The world of the rich collapsed with the arrival of the Bolshevik revolution, and shortly thereafter, Azerbaijan disappeared from the map. In 1991, after 71 years of compulsory “membership” in the USSR, as Daniel Yergin, winner of the Pulitzer Prize, described it, Baku became the center of “the largest bid in the history of the world,” where all the tycoons fought for the contract of the century. As a consequence, the “gate of the Orient” only a quarter of a century earlier was simply the capital of the peripheral republic of the Soviet Union. Thanks to petrodollars, it has become one of the most dynamically developing metropolises, boldly competing with cities in Western Europe.
Baku has undergone a profound transformation, and even though it looks into the future, it has not uprooted its deep tradition. “Although our country is old, it does not age,” jokes Ali, a taxi driver. Indeed, due to its strategic location, the country boasts of an ancient bloodline. Azerbaijan’s 2,000 year history has not spared it from hardships. It was a place where empires struggled to control the passage between the Black and Caspian seas, then ravaged by the invasions of Greeks, Romans, Arabs, Mongols and more recently Russians, Turks and Persians. These dominators, in addition to causing deep wounds, left a heritage with an extraordinary social consciousness, conducive to the integration of different nationalities and religions.
Today, the capital is experiencing its second boom, creating ambitious works that beautify the urban panorama. Designed by the world’s best-known architectural masters, they emphasize its past, present and, above all, future. The minarets of a nearby mosque are reflected in the glass of a skyscraper’s futuristic design. Here, the Orient combines with modernity, and tradition with innovation, pushing their communist heritage further back, including the ugly blocks of flats which can be found in Kiev or Moscow.

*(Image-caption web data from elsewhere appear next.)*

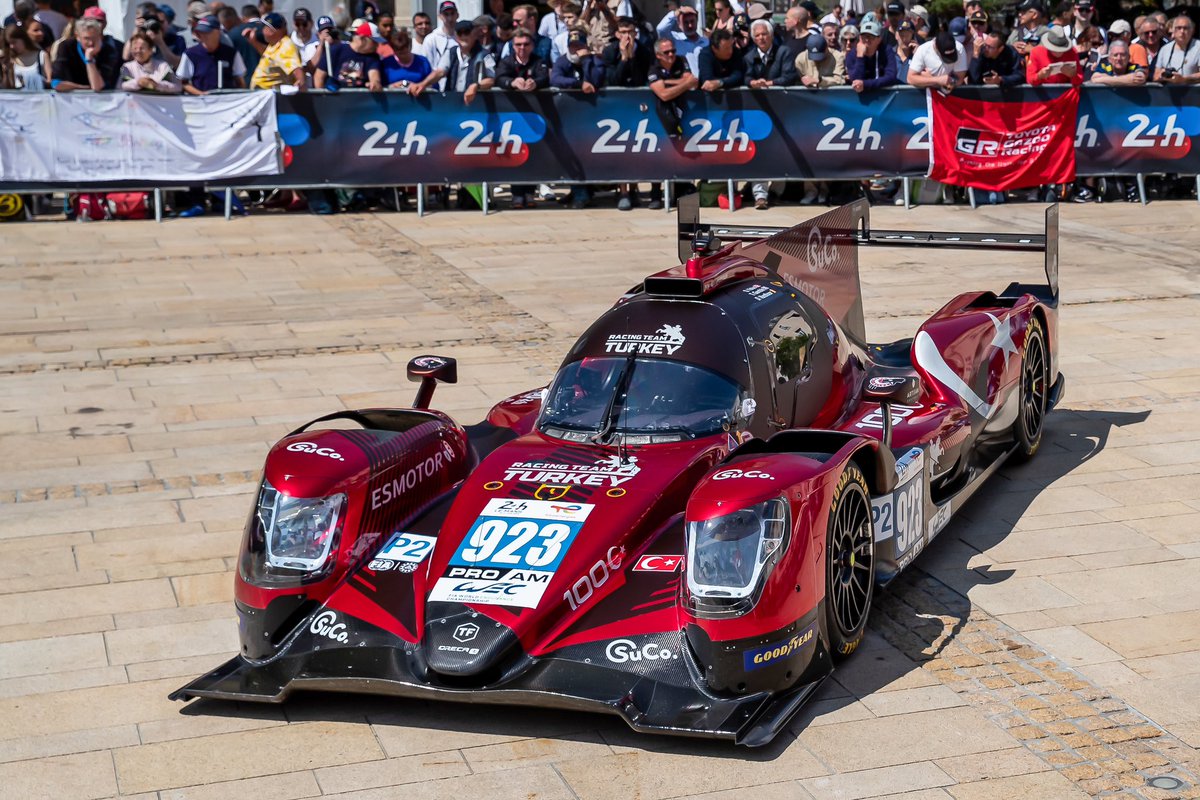 Bugün tarihte ilk kez bir Türk takımı Le Mans 24 yarışına giriyor❗️

Cumhuriyet’in 100. yılına özel olarak tasarlanan yarış otomobili  ve ‘923’ kapı numarasıyla yarışa girecek olan Racing Team Turkey, LMP2’de podyum kovalayacak.

Salih Yoluç 🇹🇷 
Tom Gamble 🇬🇧
Dries Vanthoor 🇧🇪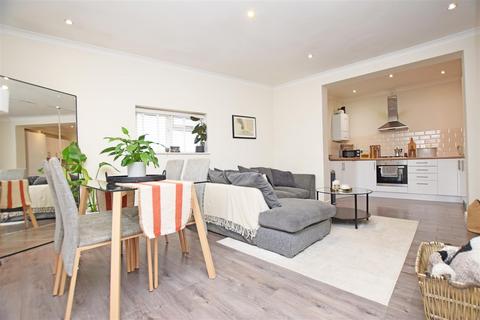 undefined, Tudor Road, Hampton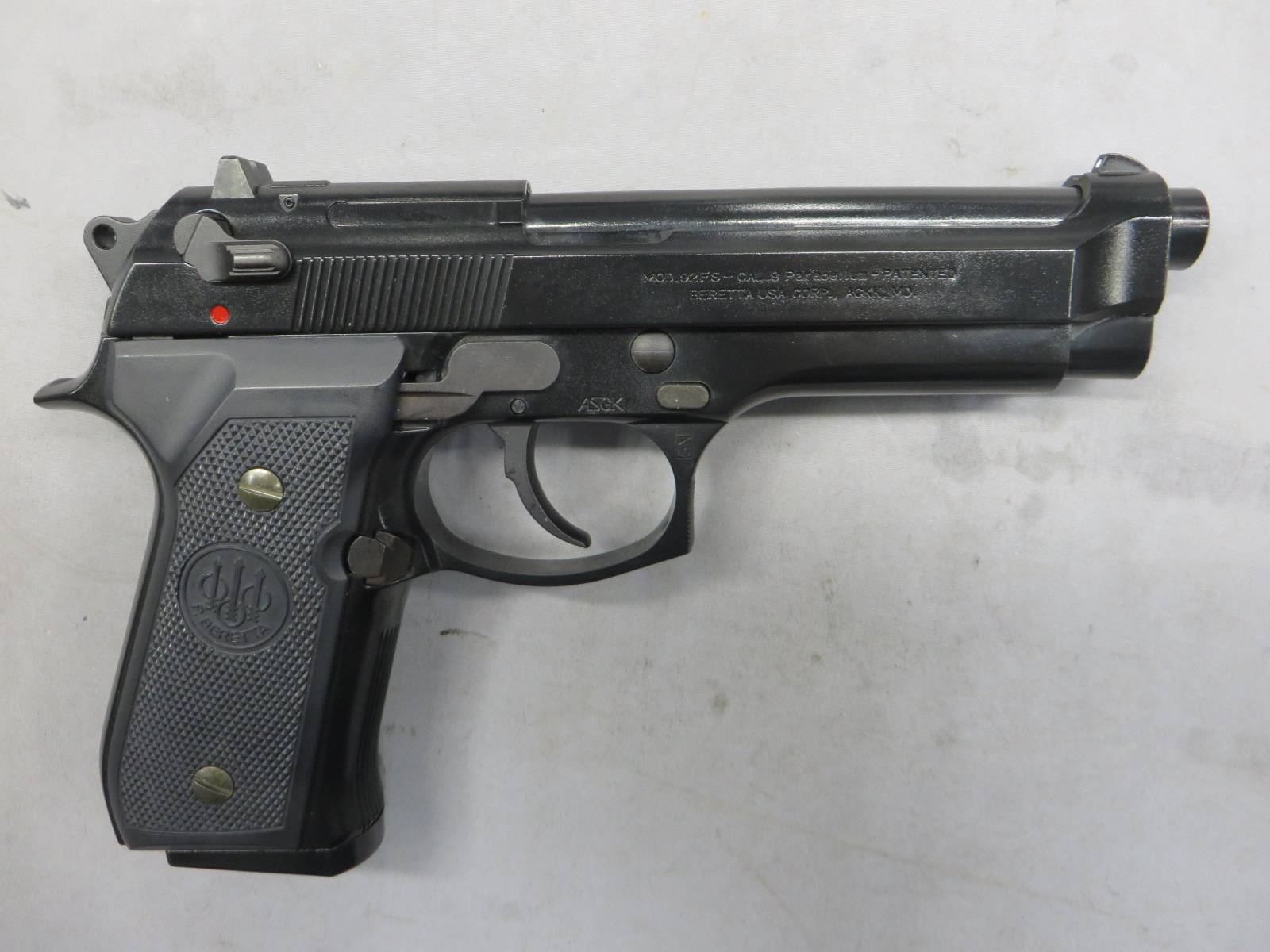 【ウエスタンアームズ】ベレッタM92FS メタルブルーモデル アキュラシーカスタム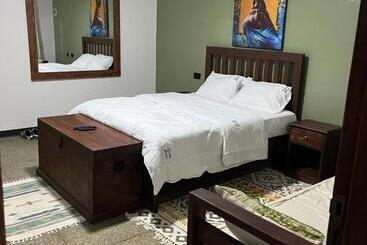 هتل آپارتمان Koselig Homes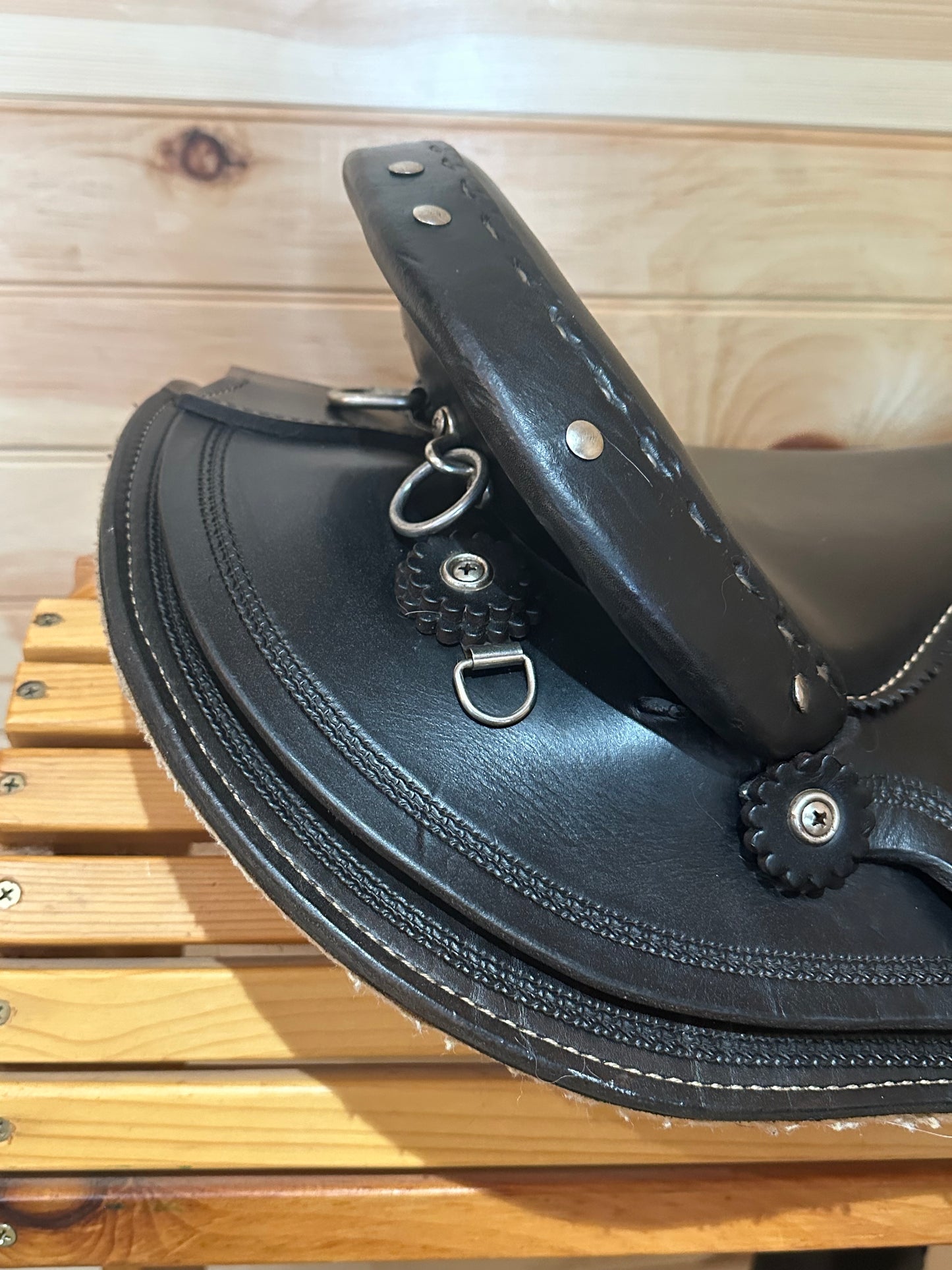 15.5” Premier Saddlery Endurance Trail Saddle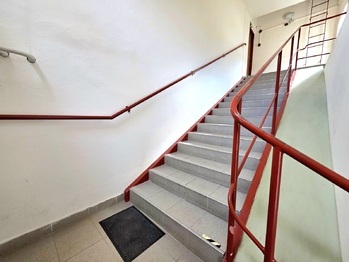 Prodej skladovacích prostor 550 m², Žatec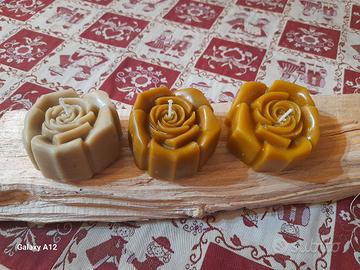 3 candele a forma di rosa in pura cera d'ape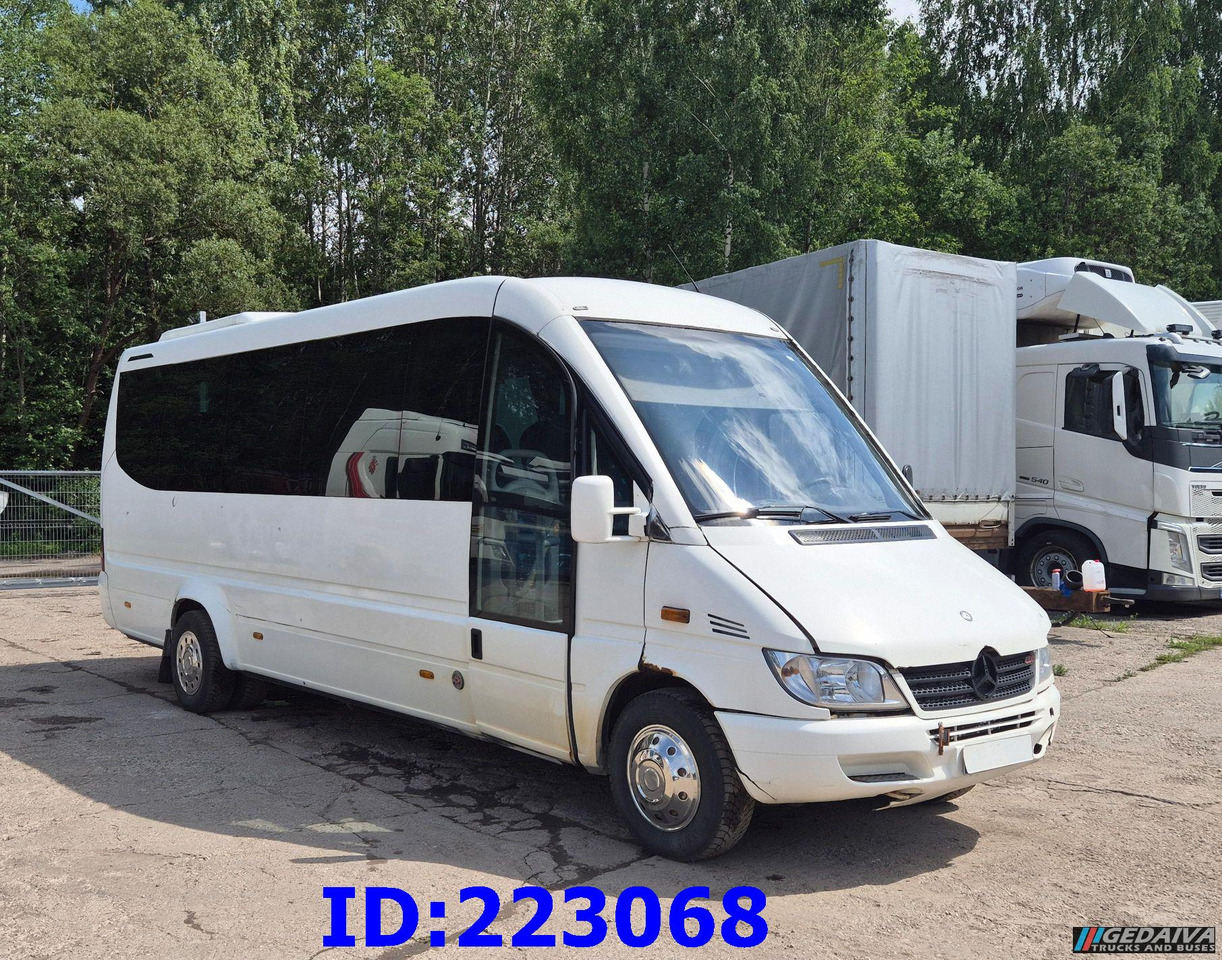 MERCEDES-BENZ Sprinter 616 Sunset 23-Seater - Távolsági busz: 4 kép. MERCEDES-BENZ Sprinter 616 Sunset 23-Seater - Távolsági busz: 4 kép.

From time to time, I hear a muezzin calling for prayer, and although in Azerbaijan more than 90 percent of the 10 million population declares themselves to be Muslim, I have seen fewer veils than in the streets of Paris, London or Berlin. While the Old Continent is struggling with religion today, and politicians increasingly declare the defeat of tolerance and political correctness, Azerbaijan can become an example worth imitating.